W zeszłorocznej edycji rankingu świetnie poszło reprezentantom Polski. LOT został 10. najbardziej punktualną linią lotniczą świata, a lotnisko Chopina zajęło 8. miejsce na świecie w swojej kategorii „wagowej” średnich lotnisk. W tym roku poszło im zdecydowanie gorzej.
– LOT został sklasyfikowany na 37. miejscu w naszym rankingu w skali świata – mówi Caroline Mather, dyrektor marketingu OAG.
Z kolei wśród linii lotniczych z regionu EMEA (Europa, Bliski Wschód, Afryka) LOT zajął 20. miejsce.

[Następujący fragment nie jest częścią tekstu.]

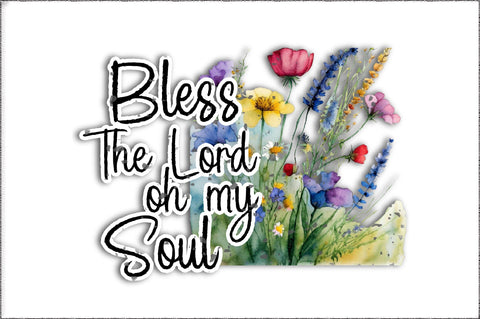 Bless The Lord Oh My Soul Png - Christian Sublimation Design Downloads, Bible Verse Png, Scripture Png, Christian Png, Religious Png Sublimation Jagonath Roy 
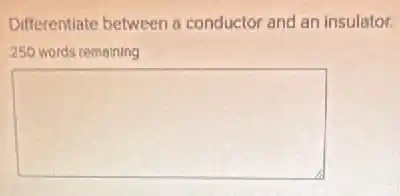 Differentiate between a conductor and an insulator.
250 words remaining
square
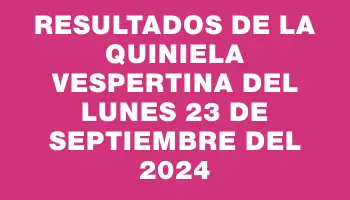 Resultados de la Quiniela Vespertina del lunes 23 de septiembre del 2024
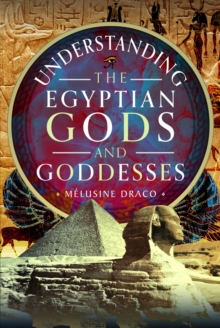Image for Understanding the Egyptian Gods and Goddesses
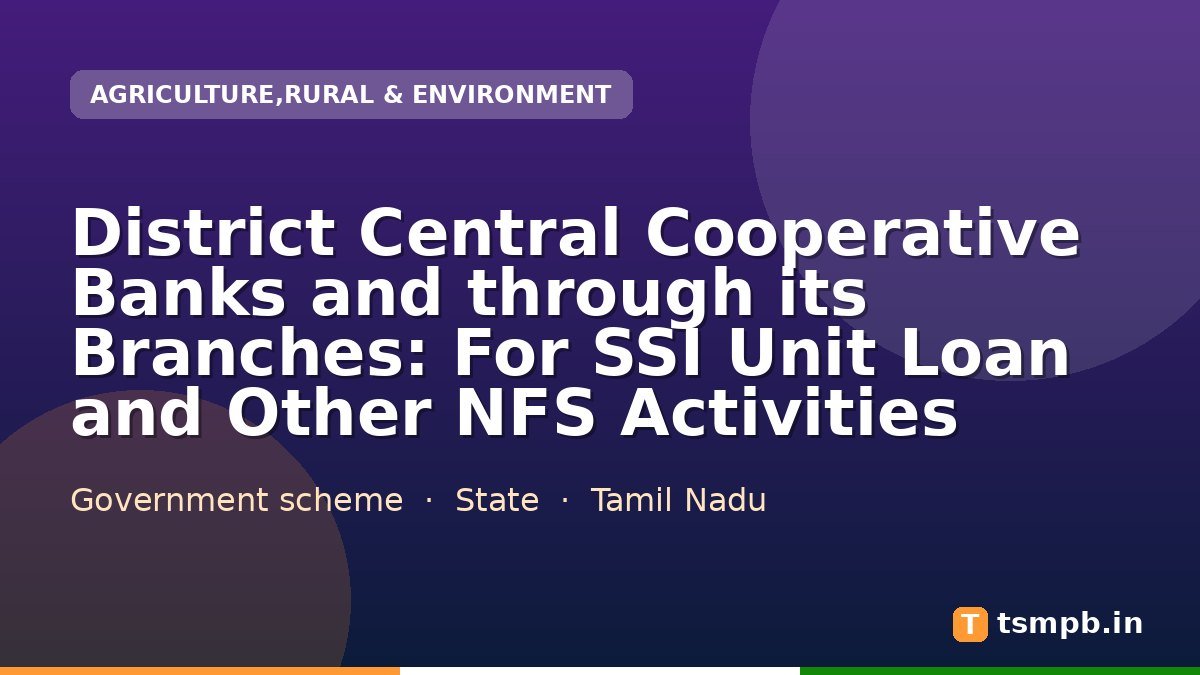 District Central Cooperative Banks and through its Branches: For SSI Unit Loan and Other NFS Activities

Z wyliczeń firmy badawczej wynika, że 79,7 proc. lotów narodowego przewoźnika startowało i lądowało o czasie. Rok temu ten wskaźnik wyniósł 88,88 proc.
Jeszcze większy spadek zanotowało Lotnisko Chopina, które zajęło dopiero 124. miejsce na świecie w „lidze punktualności”. W kategorii średnich lotnisk warszawski port zajął 35. miejsce ze wskaźnikiem punktualności wynoszącym 78,5 proc. W 2015 r. o czasie startowało z Warszawy 89,87 proc. wszystkich samolotów.

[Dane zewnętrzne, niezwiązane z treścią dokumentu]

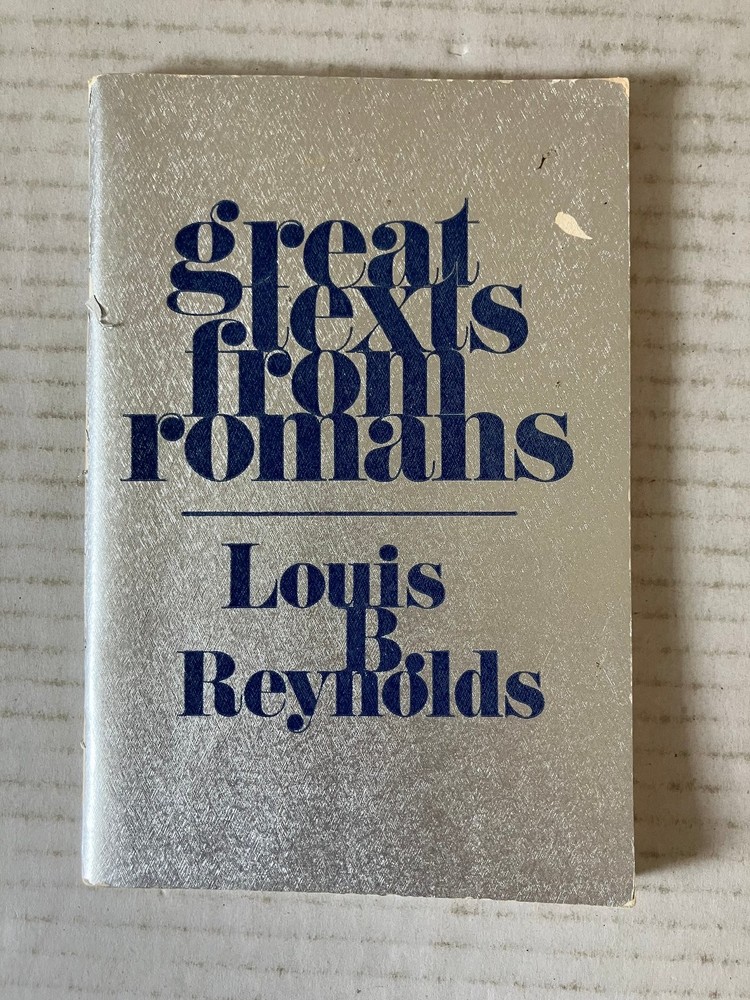 Great Texts From Romans Louis B. Reynolds 1972 Religious Christian Paperback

Tak duży spadek LOT może być związany z dużym rozrostem siatki połączeń. Dodatkowo na część opóźnień wpłynęła sytuacja ze złym oświetleniem dróg startowych na lotnisku Chopina. W związku z tym, PAŻP zmniejszył przepustowość portu w Warszawie, a przewoźnicy zaczęli narzekać na opóźnienia. Jak czytamy w „Dzienniku Gazecie Prawnej”, z powodu problemów, jesienią na lotnisku w Warszawie bywały dni, gdy nawet 15 lotów dziennie było opóźnionych.

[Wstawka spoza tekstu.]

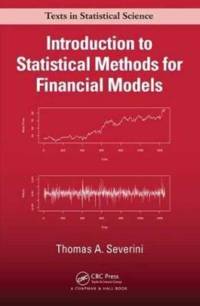 Introduction to Statistical Methods for Financial Models av Thomas A Severini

Które lotniska i porty lotnicze są najbardziej punktualne? Zapraszamy do przyjrzenia się rankingowi.
W kategorii portów odprawiających od 2,5 do 5 mln pasażerów rocznie, najbardziej punktualnym lotniskiem było angielskie Newcastle. Zarówno lider jak i wicelider tej kategorii, czyli amerykańskie lotnisko w Anchorage na Alasce, w zeszłym roku nie były sklasyfikowane w czołowej dwudziestce.
Trzecie miejsce (tak jak przed rokiem) zajmuje lotnisko Bruksela-Charleroi i przyznam szczerze, że biorąc pod uwagę jak zapchany i ciasny jest to port, to wynik ten jest z pewnością dużym zaskoczeniem.